Sure Shot (Brooklyn #4)(19)



It sure was fun, though. There’s no denying that.





Eight





Remember Me?





Tank: Hey Bess! I hope this is still the right number. Remember me? I’m the guy whose hotel room you snuck out of the other night. Hope your thirty-first year is off to a good start. —T

Bess: Who is this? You must have me confused with someone else. I don’t sneak out of hotel rooms. I walk gracefully, head held high, in my rumpled dress and wet sex hair.

Tank: My mistake. But I would have liked to say a proper goodbye. It’s not often that we’re in the same state.

Bess: You might be surprised. But I couldn’t take the risk of waking you up. After all, you got me naked about four minutes after arriving in your room. So I have no idea what “a proper goodbye” might mean to you. Restraints, probably. And a safe word.

Tank: That sounds about right. Next time, then.

Bess: There won’t be a next time. You know it’s not because I don’t want to. But I don’t do players.

Tank: Evidence suggests that sometimes you do. Especially this one.

Bess: No, really. Not for nine years. I took Pine’s advice and I never, ever have. You’re my one slip-up. Ever.

Tank: Damn, honey. I’m flattered.

Bess: You should be. You’re my kryptonite.

Tank: Hey, I am FAR more talented than a hunk of alien minerals. Did Superman scream my name in the shower? So there’s no reason not to do it again. Your number won’t even go up. You’ll still have only one career screwup. If you find yourself back in Brooklyn, I’m happy to be the mistake you can keep on making.

Bess: You really know how to sell a girl.

Tank: Where are you, anyway?

Bess: Detroit. I had to talk to a badly concussed rookie.

Tank: Ouch. Is he gonna be okay?

Bess: Yes, after a minor surgical procedure whereby I remove his head from his ass. This genius was not following treatment procedure because he wanted to play.

Tank: Aw. Poor kid. He wants to prove his worth.

Bess: He can’t prove his worth with brain damage. Enough about him. How are you? Settling in?

Tank: Just dandy. My new team hates me. So I just made it worse by beating them all at the golf tournament on Saturday. Now they want to drown me in a bucket. Someday this will all seem funny, right?

Bess: I’m sorry. Trades are so hard.

Tank: Don’t agent me, Bess. I’m a big boy. You don’t have to give me a pep talk. I’ll take a blowjob, though.

Bess: No can do. We’ve been over this. And all boys need agents. Even the biggest ones.

Tank. That’s what she said…

Bess: [Eyeroll.] You sound like a guy who needs a pep talk, though. Where’s Kassman? He should be delivering it himself. In person.

Tank: He emails every morning. He’s only working part time right now.

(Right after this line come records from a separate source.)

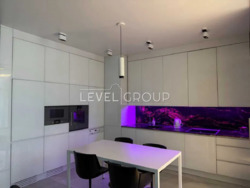 Продаж 3 кімн 119м2 Новопечерські Липки Верхогляда фото 2 Продаж 3 кімн 119м2 Новопечерські Липки Верхогляда фото 2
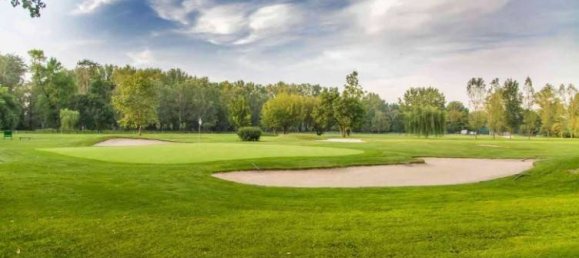 3 Schlafzimmer Wohnung in Rome, Italy, Nr. 289848 23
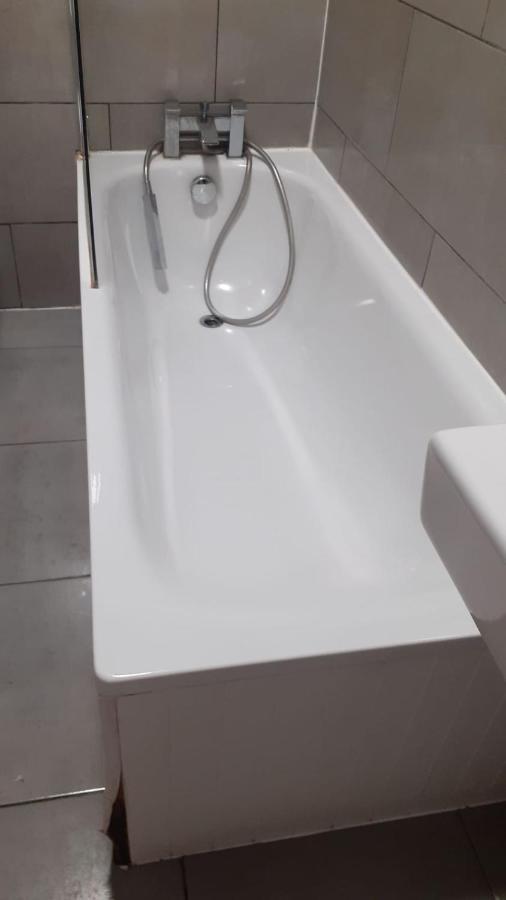 Sw16 Norbury Guesthouse London Kültér fotó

Bess: ????? Part time? Henry doesn’t even know those words. And WTF? Email? He should be finding you an apartment. That hotel where you’re staying is too far from the practice facility. You’re never going to bond with the guys if they’re keeping you downtown.

Tank: Sure I am. We’re having a sleepover later. And a pillow fight. Castro is going to braid my hair and Trevi is going to paint my toenails.

Bess: [Eyeroll emoji.]

Tank: But we could have a sleepover. You and me. We play Detroit next month. You and I could have a secret rendezvous.

Bess: Dream on, Tank.

Tank: Oh I will. Goodnight, sexy.

Bess: Goodnight





Nine





But You’re a Woman





Bess





October


“All the manicure stations are up front,” Rebecca says, sweeping her arm toward the shop’s windows. “This part is basically finished.”

“It’s gorgeous,” I say, taking in the long, L-shaped sofa with bright pillows. “That’s a cool painting, too.” Adjacent to the windows is a brick wall with colorful wings painted onto it.

“That’s for Instagram pics. The wine bar is going in over there.” Rebecca points to the opposite wall. “And the pedicure area is in back. We’ll have eight stations—four on each side. And a sliding divider, for private parties.”

“Private parties,” I echo. It would never occur to me to party at a nail salon.

Although maybe it should. Chapter Two of my five-year plan is titled “Nurturing Female Friendships.” It’s not just my love life that’s suffered as I poured all my energy into my business for the past years. There aren’t many women in sports management. I have friends, but they’re all dudes.

So when Rebecca and Georgia asked me to meet them for a cocktail and a peek at the half-finished nail salon, I agreed in a hot second.

“Who wants a margarita?” Georgia asks. She’s got tequila, lime juice, and sugar out on the salon’s new gleaming stone countertop, and she’s filling a shaker with ice from a bag.

“I do!” Becca’s hand shoots into the air.

“I’d love one,” I add. “A small one, though. I have a date at seven thirty, and I probably shouldn’t show up sloshed.”

Georgia sets the shaker down with a thump and lets out a little squeal. “A date with whom? This is so exciting.”